Another lawsuit, filed in the Northern District of Texas by the American Council of Life Insurers and others, requested a stay of the effective date of the DOL’s new fiduciary rule and all PTE amendments released with the rule. On July 26, this court granted plaintiffs’ request, citing the court order from the Eastern District and agreeing that the DOL’s new fiduciary package conflicts with ERISA and exceeds the DOL’s statutory authority.

Both court rulings state that plaintiffs are likely to succeed on the merits of their claim, with the Northern District stating that “plaintiffs are virtually certain to succeed” with their request for the new rule to be vacated.

Status Quo for now

Investment professionals providing advice to retirement savers should continue operating under the 1975 Five-Part test for determining non-discretionary fiduciary status under ERISA. If an advisor meets all five criteria of that test, the advisor will be deemed to be a fiduciary under ERISA and would need to meet the conditions of the existing PTE 2020-02 (or another exemption) to receive compensation that would otherwise be prohibited.

Court Delays New Fiduciary Rule & PTE 84-24, But Not PTE 2020-02

A federal court in Texas has granted plaintiffs’ request to delay the effective date of the DOL’s new fiduciary rule that would have assigned ERISA fiduciary status to more investment professionals, including insurance agents. The DOL’s new definition of fiduciary will not become effective September 23, 2024 and is stayed until further order of the Court.

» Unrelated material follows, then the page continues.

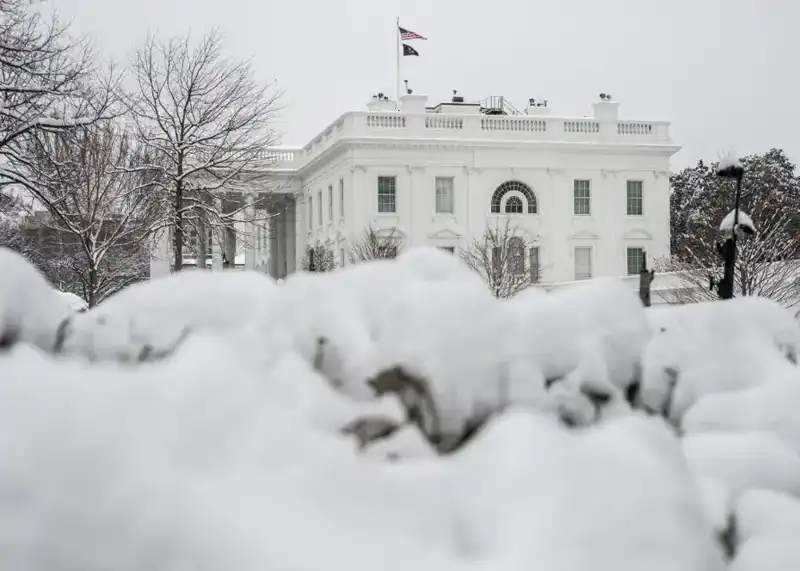 Kar Fırtınası Alarmı: Washington'da Acil Durum İlan Edildi!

The Court also stayed the effective date of the amended PTE 84-24, which the DOL had amended to apply solely to independent insurance agents.

Reasons for the stay

Although the Court order includes details on several reasons for granting the stay, the Court summarizes as such:

“Plaintiffs are likely to succeed on the merits of their claim because the 2024 Fiduciary Rule conflicts with ERISA in several ways, including by treating as fiduciaries those who engage in onetime recommendations to roll over assets from an ERISA plan to an IRA. DOL’s related amendments to Prohibited Transaction Exemption 84-24 are also unreasonable and arbitrary and capricious.”

What about PTE 2020-02?

The DOL’s regulatory package changing the definition of an “investment advice fiduciary” included amendments to expand PTE 2020-02 and to eliminate the availability of several other PTEs.  These were not included in the Court’s stay order because the plaintiffs, an insurance industry trade association and others in the insurance industry, did not include them in their request.

Now what?

Pending clarification from the DOL, presumably the amendments to PTE 2020-02 and the other PTEs will still become effective on September 23, 2024, along with the one-year transition period for full compliance with PTE 2020-02. The DOL stated in its preamble to the amended PTE 2020-02 that each of the PTEs “operates independently and should continue to do so if any component of the rulemaking is invalidated.”

This means that PTE 2020-02 would still be the primary PTE available to most providers of non-discretionary fiduciary investment advice that need a PTE to receive compensation that would otherwise be prohibited.  The big difference now is that only non-discretionary investment advice fiduciaries under the existing rules would need a PTE.  And one-time rollover recommendations do not typically trigger fiduciary status under existing regulations.

Until we have more guidance, only investment professionals and financial institutions whose service models trigger fiduciary status under the existing rules may need to prepare to comply with the amended PTE 2020-02 by September 23, 2024.